Tuesday, September 08, 2009

Next Major Project: modern use of the invisible hand

Background:

I have completed my response to Daniel Klein’s (“In Adam Smith’s Invisible Hands: comment on Gavin KennedyHERE: response to my article: “Adam Smith and the Invisible Hand” (HERE): My final response will be published next week in Econ Journal Watch (September 2009) HERE:

It is now time to move on to my next project (larger in scope and more ambitious): To consider the role played by the use of the invisible hand metaphor by modern economists. Yes, I shall name, though probably not shame, them.

My main charge against them collectively, is that they wrongly attribute their allusion to the invisible hand by name to Adam Smith – because the modern (post-1930s) (miss)use (miss)associates the metaphor with their quite different meanings – and they imply and, in many cases they directly claim, that Smith have said things about markets that he never did. I shall also offer an alternative explanation for the ubiquity of the invisible hand in modern discourse.

I suspect, somewhat cheekily, that many modern economists have never read Wealth Of Nations, nor do they realise how limited was Smith’s use of the popular 18th-century metaphor (once only in Wealth Of Nations, 1776, once only in Moral Sentiments, 1759, and once only in his short, posthumous essay on the History of Astronomy (1744-58), no one of which was connected conceptually to the others.
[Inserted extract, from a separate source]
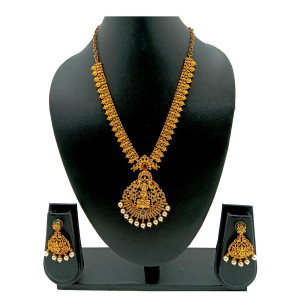 Antique Lakshmi Coin Necklace Set with Jhumka Earrings – Traditional Temple Jewelry Design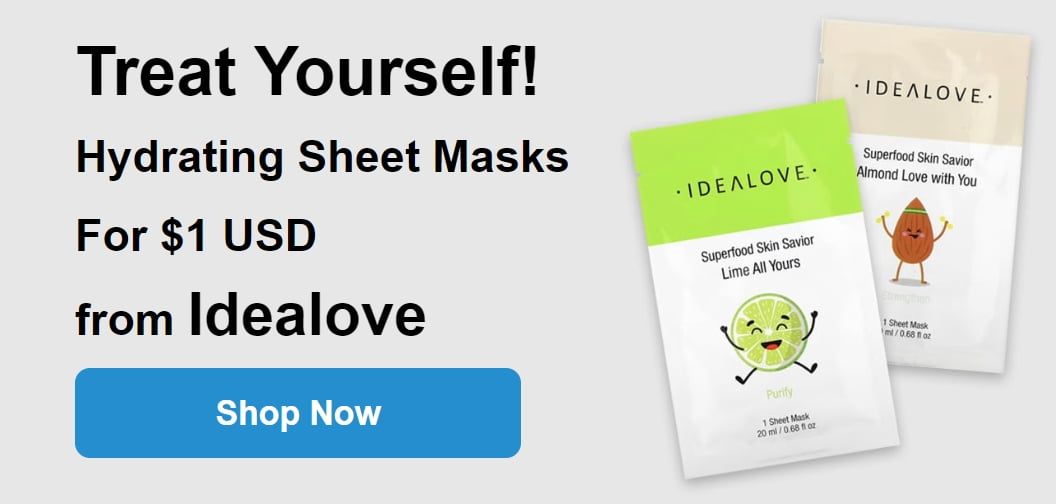 Idealove Hydrating Sheet Masks for $1 at iHerb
To date, I have collected some preliminary research materials on the modern usage of the invisible hand (some of which go well beyond its use as a metaphor; some authors believe that there is an actual entity of ‘an invisible hand’ operating in markets, some of them attributing the entity to the invisible God.

Until now, I have waited before embarking on my own assessments for Warren Samuels, a distinguished Smithian scholar, to publish his considered analysis of the modern uses to which the invisible hand metaphor has been put. His 2008 article: Adam Smith’s Invisible Hand, in The Street Porter and the Philosopher: conversations in analytical egalitarianism, edited by S. J. Peart and D. M. Levy. Ann Arbor: Michigan University Press, was the initial article I awaited, but I was advised that another article by Warren Samuels, is to be published in Jeffrey Young’s, (editor), forthcoming Elgar Companion to Adam Smith, Cheltenham: Elgar Publishing, in October 2009.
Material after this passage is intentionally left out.